Fortunately, international asshole of mystery Ahmad Chalabi didn't quite have the numbers he thought he had to be selected prime minister. Ibrahim Jaafari got the nod, and comes from the same list of parties that Chalabi did.
It would be hard for Jaafari to turn out to be as treacherous and untrustworthy as Chalabi has, and as Juan Cole points out, Jaafari is seen as a more unifying influence. Chalabi, as can be seen by the Stephanopoulos transcript further down Prof. Cole's page, would have just been a thorn in our side. (Indeed, he may still be, as Chalabi is considered a front-runner for the Interior Minister job, which would have hin overseeing everything from oil to internal security.) Still, we are talking about a party bloc dominated by fundamentalist Iranian-influenced clerics. They may not turn it into an all-out mullah-ocracy, but it will take a nuanced hand to get them to help us further our putative goals in the region. People can get funny ideas sometimes, and decide they want to pursue their own goals.
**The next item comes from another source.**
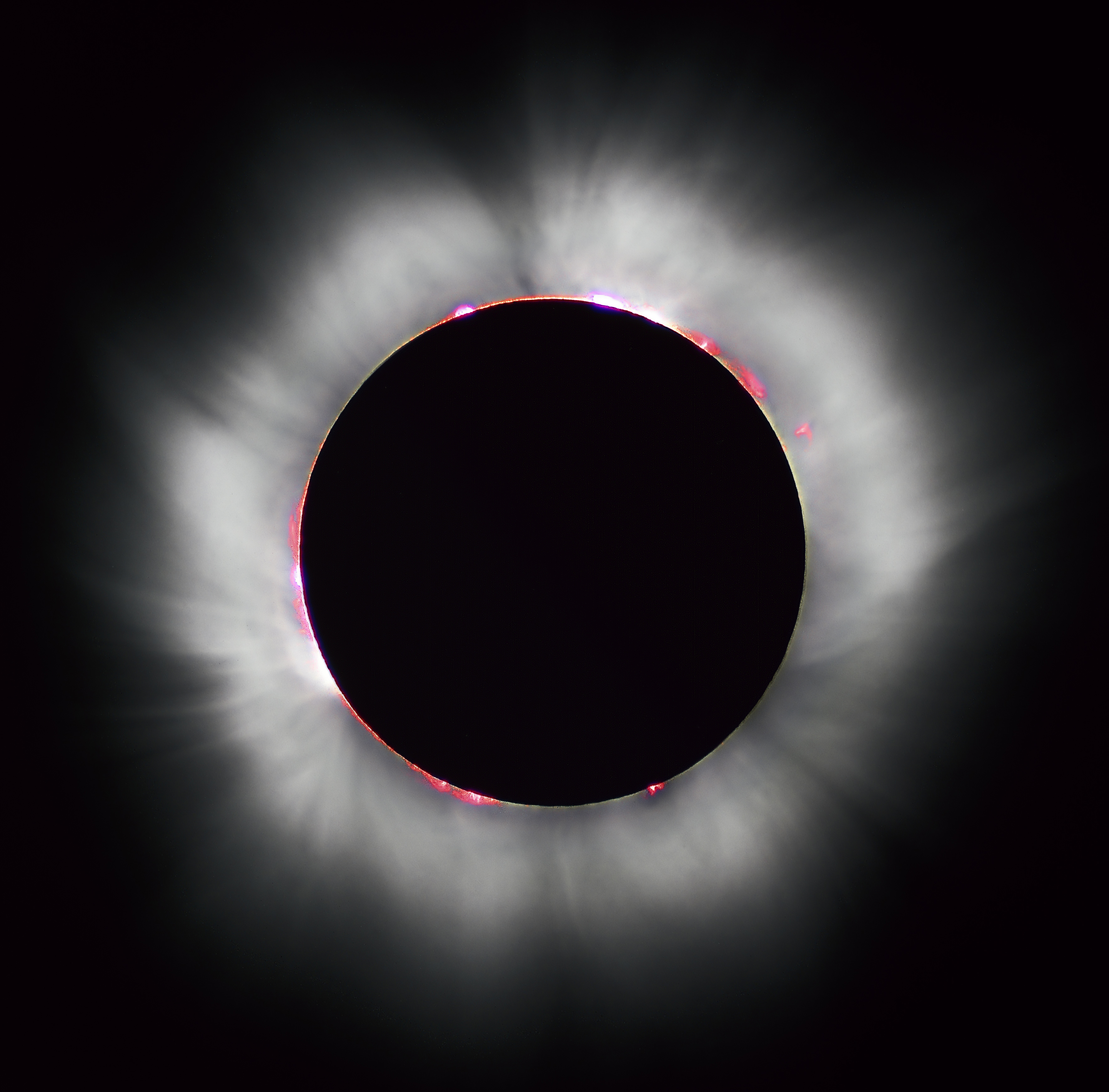 Solar_eclipse_1999_4_NR.jpg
And the violence keeps on, despite the promises and appearance of resolution. Even the CIA admits that the war has not only fed the insurgency within Iraq, but turned into a recruitment tool for al-Qaeda and similar groups.
The insurgency in Iraq continues to baffle the U.S. military and intelligence communities, and the U.S. occupation has become a potent recruiting tool for al Qaeda and other terrorist groups, top U.S. national security officials told Congress yesterday.
"Islamic extremists are exploiting the Iraqi conflict to recruit new anti-U.S. jihadists," CIA Director Porter J. Goss told the Senate Select Committee on Intelligence.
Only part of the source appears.